Strings nodded. 'Stood the Wall, we think.'

'So she can probably take a punch.'

'Then punch back, aye.'

'Well that's just great.'

'She wants all the sergeants for a meeting tonight.'

'I think I'll go back and answer a few more of the Adjunct's questions.'

'You can't avoid meeting her for ever, Gesler.'

'Oh yeah? Watch me. So, where did they move Captain Kindly to?'

Strings shrugged. 'To some company that needs pulling into shape, I'd imagine.'

'And we don't?'

'Harder terrifying us than most in this army, Gesler. I think he'd already given up on us, in any case. I'm not sorry to see the miserable bastard on his way. This meeting tonight will likely be about what we'll be doing in the siege. Either that or she just wants to waste our time with some inspiring tirade.'

'For the glory of the empire,' Gesler said, grimacing.

'For vengeance,' Koryk said from where he sat tying fetishes onto his baldric.

'Vengeance is glorious, so long as it's us delivering it, soldier.'

'No it's not,' said Strings. 'It's sordid, no matter how you look at it.'

'Ease up, Fid. I was only half serious. You're so tense you'd think we was heading into a siege or something. Anyway, why ain't there a few hands of Claw to do the dirty work? You know, infiltrate the city and the palace and stick a knife in Leoman and be done with it. Why do we have to get messed up with a real fight? What kind of empire are we, these days?'

No-one spoke for a time. Bottle watched his sergeant. Strings was testing the pull on the crossbow, but Bottle could see that he was thinking.

Cuttle said, 'Laseen's pulled 'em in. Close and tight.'

The regard Gesler fixed on the sapper was level, gauging. 'That the rumour, Cuttle?'

'One of 'em. What do I know? Maybe she caught something on the wind.'

'You certainly have,' Strings muttered as he examined the case of quarrels.

'Only that the few veteran companies still on Quon Tali were ordered to Unta and Malaz City.'

Strings finally looked up. 'Malaz City? Why there?'

'The rumour weren't that specific, Sergeant. Just the where, not the why. Anyway, there's something going on.'

'Where'd you catch all this?' Gesler asked.

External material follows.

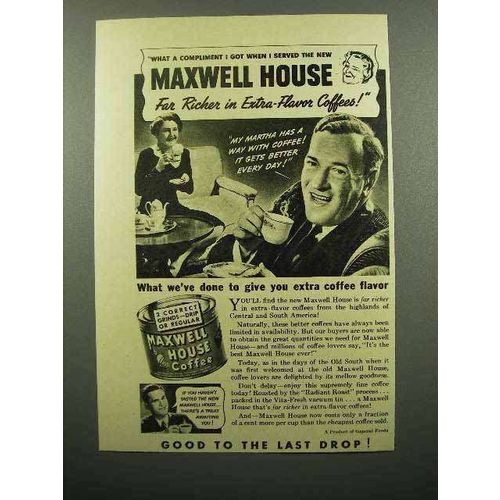 1941 Maxwell House Coffee Ad - Extra-Flavor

'That new sergeant, Hellian, from Kartool.'

'The drunk one?'

'That's her.'

'Surprised she noticed anything,' Strings observed. 'What got her shipped out here?'

'That she won't talk about. In the wrong place at the wrong time, I figure, from the way her face twists all sour on the subject. Anyway, she went to Malaz City first, then joined up with the transports at Nap, then on to Unta. She never seems so drunk she can't keep her eyes open.'

'You trying to get your hand on her thigh, Cuttle?'

'A bit too young for me, Fid, but a man could do worse.'

'A bleary-eyed wife,' Smiles said with a snort. 'That's probably the best you could manage, Cuttle.'

'When I was a lad,' the sapper said, reaching out to collect a grenado – a sharper, Bottle noted with alarm as Cuttle began tossing it up in the air and catching it one-handed – 'every time I said something disrespectful of my betters, my father'd take me out back and slap me half-unconscious. Something tells me, Smiles, your da was way too indulgent when it came to his little girl.'

'You just try it, Cuttle, and I'll stick a knife in your eye.'

'If I was your da, Smiles, I'd have long ago killed myself.'

She went pale at that, although no-one else seemed to notice, since their eyes were following the grenado up and down.

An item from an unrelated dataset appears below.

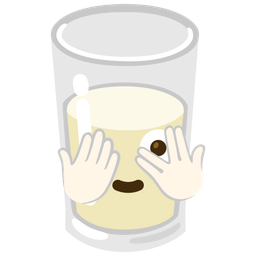 face with peeking eye and glass of milk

'Put it away,' Strings said.

An ironic lifting of the brows, then, smiling, Cuttle returned the sharper to the crate. 'Anyway, it looks like Hellian's got a capable corporal, which tells me she'd held onto good judgement, despite drinking brandy like water.'

Bottle rose. 'Actually, I forgot about her. Where are they camped, Cuttle?'

'Near the rum wagon. But she already knows about the meeting.'

Bottle glanced over at the crate of munitions. 'Oh. Well, I'm going for a walk in the desert.'

'Don't stray too far,' the sergeant said, 'could be some of Leoman's warriors out there.'

'Right.'

A short while later he came within sight of the intended meeting place. Just beyond the collapsed building was an overgrown rubbish heap, misshapen with tufts of yellow grass sprouting from the barrowsized mound. There was no-one in sight. Bottle made his way towards the midden, the sounds of the encampment dwindling behind him. It was late afternoon but the wind remained hot as the breath of a furnace.